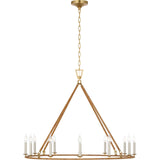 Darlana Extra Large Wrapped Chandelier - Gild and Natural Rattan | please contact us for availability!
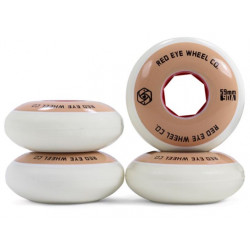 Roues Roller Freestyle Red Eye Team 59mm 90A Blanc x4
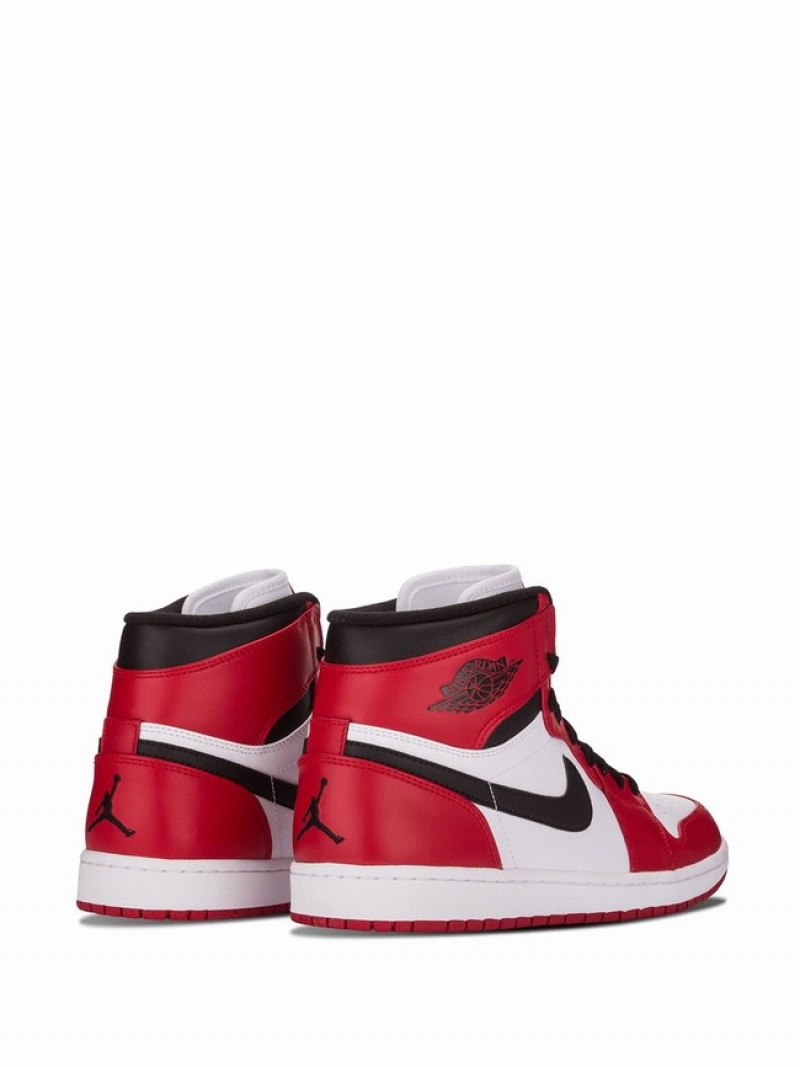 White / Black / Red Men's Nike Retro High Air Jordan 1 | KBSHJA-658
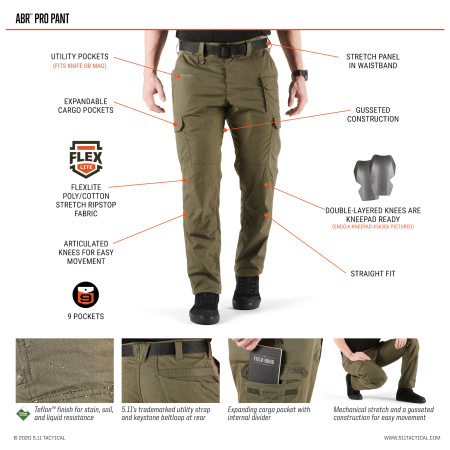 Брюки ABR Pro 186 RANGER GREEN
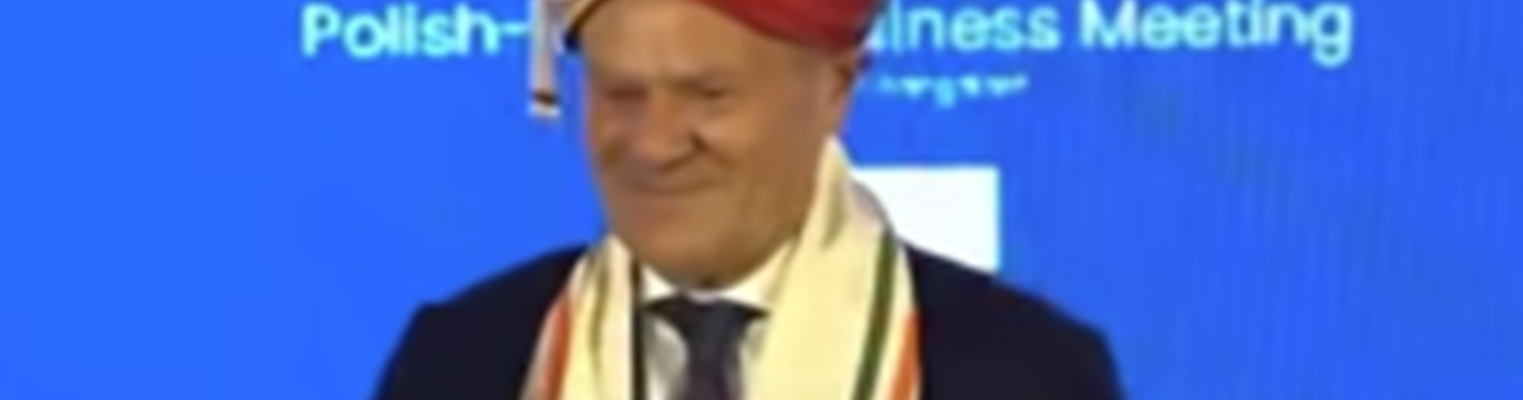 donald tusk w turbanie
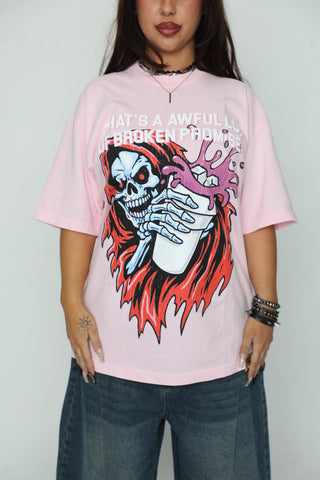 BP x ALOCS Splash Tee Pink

+ + + +

▶ [What the task asks]: Leave out the pictures and give the listing above again exactly.

▶ [Answer to this exercise]:
 Darlana Extra Large Wrapped Chandelier - Gild and Natural Rattan | please contact us for availability!
 Roues Roller Freestyle Red Eye Team 59mm 90A Blanc x4
 White / Black / Red Men's Nike Retro High Air Jordan 1 | KBSHJA-658
 Брюки ABR Pro 186 RANGER GREEN
 donald tusk w turbanie
 BP x ALOCS Splash Tee Pink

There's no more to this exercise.